→ **Task description**:
Your copy should match the records exactly, except that no pictures appear in it.

Short web captions:
------------------------------------
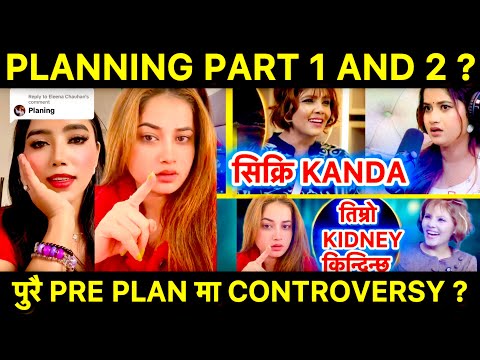SIKRI KANDA PLANNING 1 AND 2 ELEENA CHAUHAN CONTROVERSY KALA LAMSAl #eleenachauhan #kalalamsal 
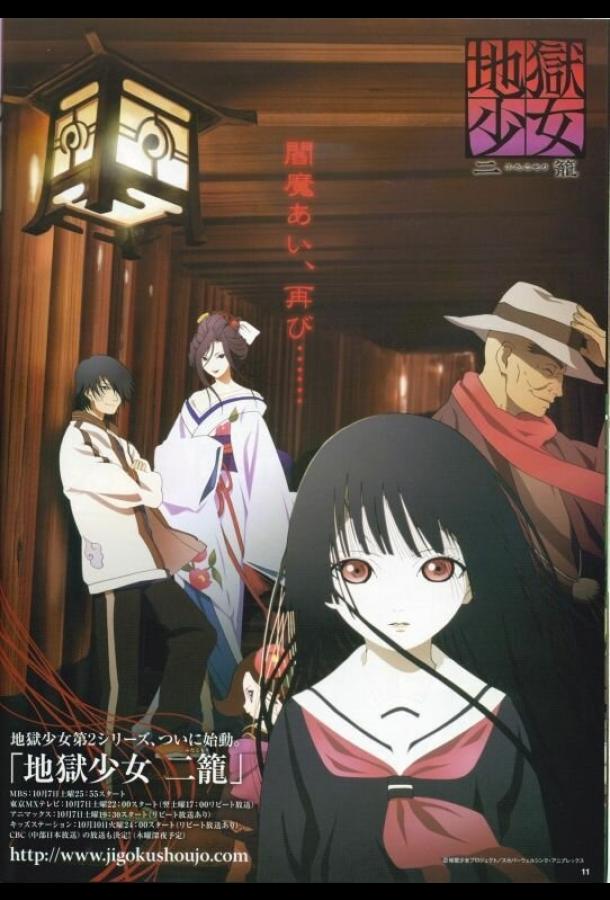 Адская девочка Смотреть Мультфильмы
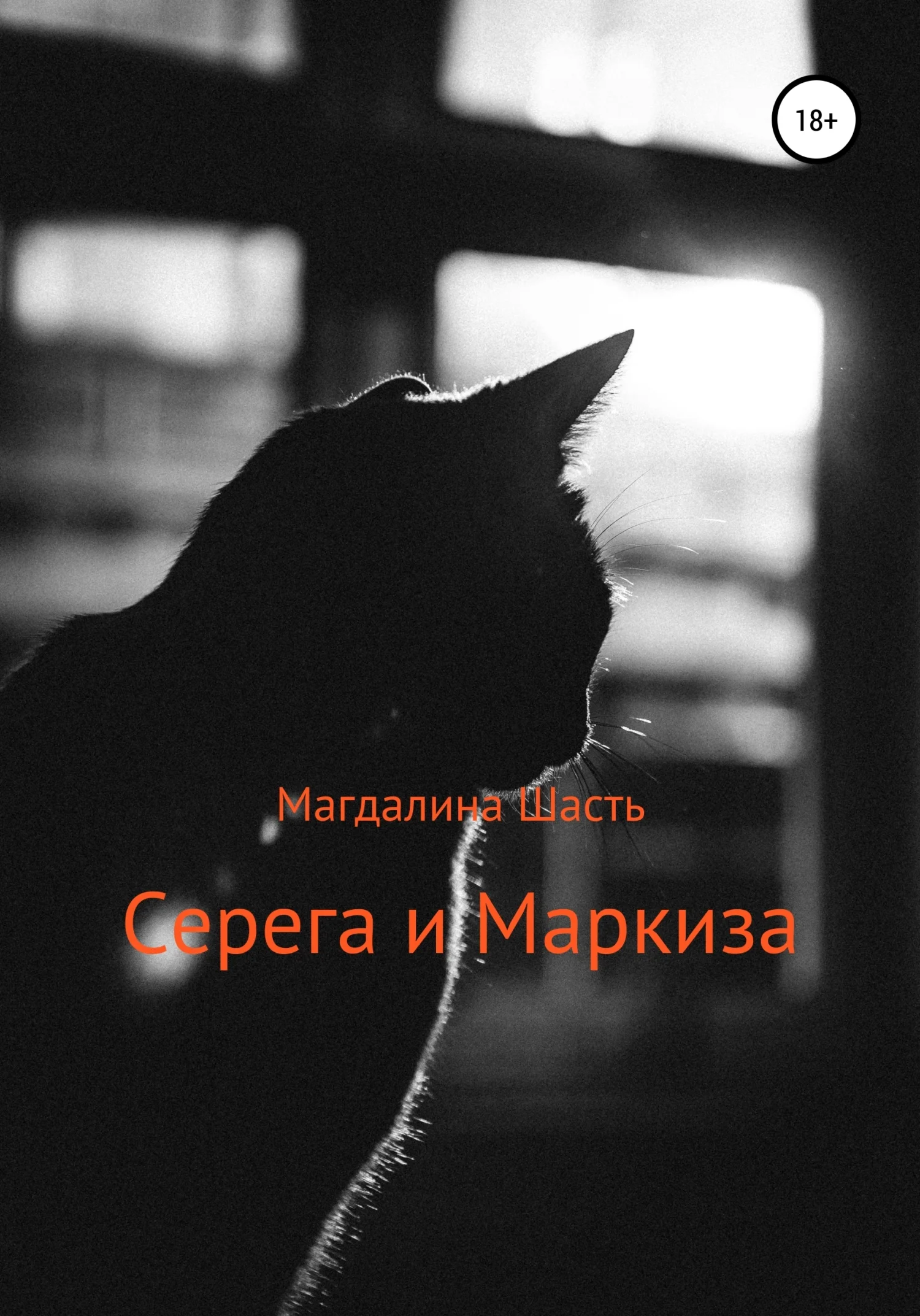 Обложка Серега и Маркиза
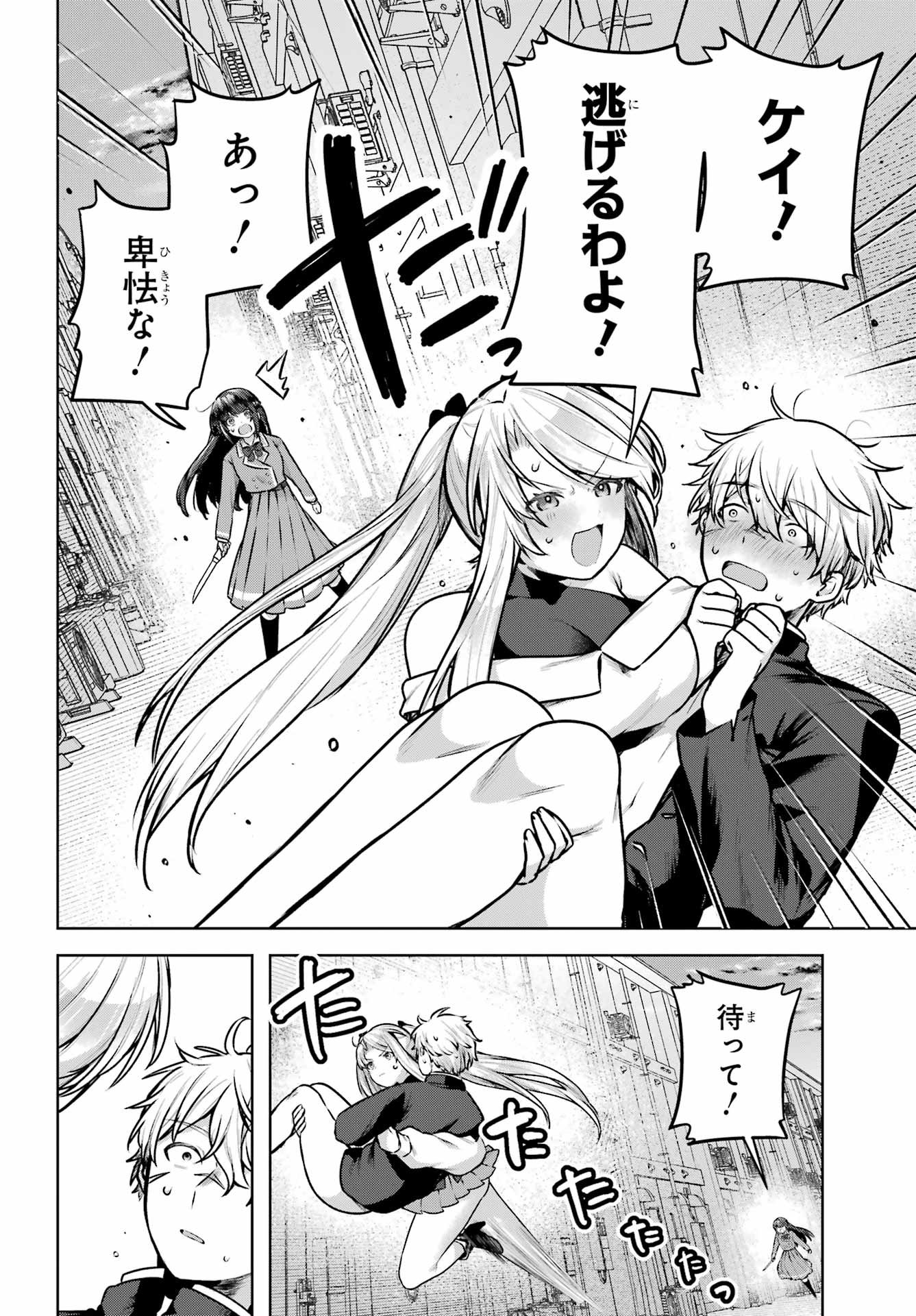 Outaru Kokan no Kagayaki Yo Chapter 2 6ページ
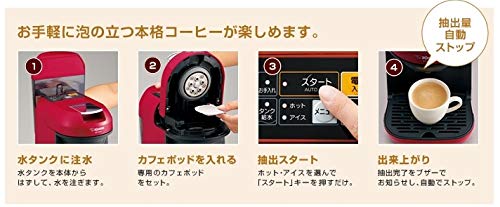 Amazon | 象印 コーヒーメーカー 珈琲通 EC-PA10K-VB （ワインレッド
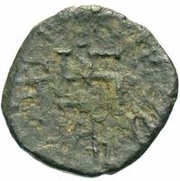 Drachm - Koziya reverse image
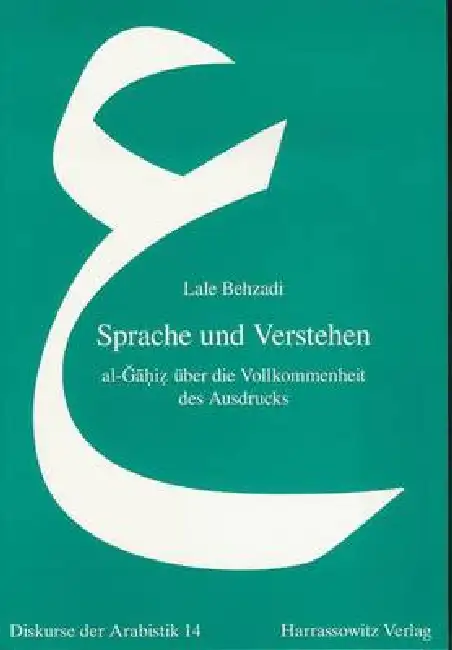 Sprache Und Verstehen: Al-Gahiz Uber Die Vollkommenheit Des Ausdrucks Paperback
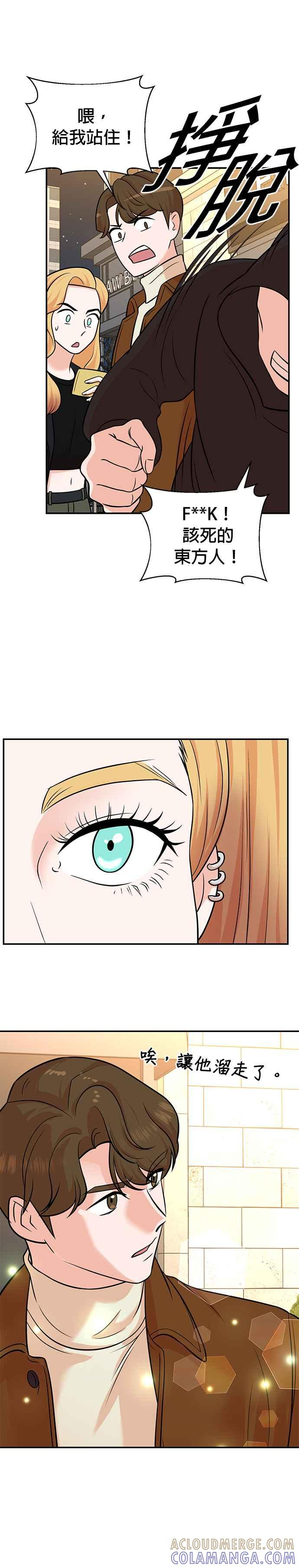 第106话 第5页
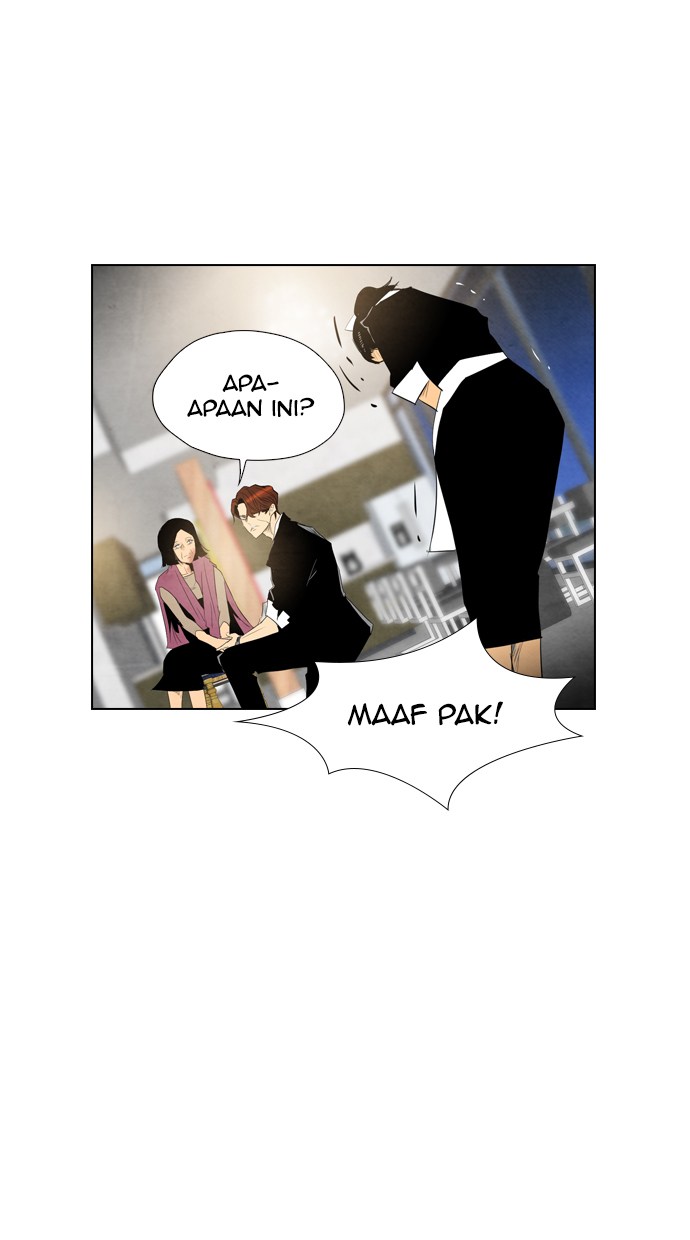 Reawaken Man Bab 34 halaman 36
------------------------------------
→ **Written solution**:
SIKRI KANDA PLANNING 1 AND 2 ELEENA CHAUHAN CONTROVERSY KALA LAMSAl #eleenachauhan #kalalamsal 
 Адская девочка Смотреть Мультфильмы
 Обложка Серега и Маркиза
 Outaru Kokan no Kagayaki Yo Chapter 2 6ページ
 Amazon | 象印 コーヒーメーカー 珈琲通 EC-PA10K-VB （ワインレッド
 Drachm - Koziya reverse image
 Sprache Und Verstehen: Al-Gahiz Uber Die Vollkommenheit Des Ausdrucks Paperback
 第106话 第5页
 Reawaken Man Bab 34 halaman 36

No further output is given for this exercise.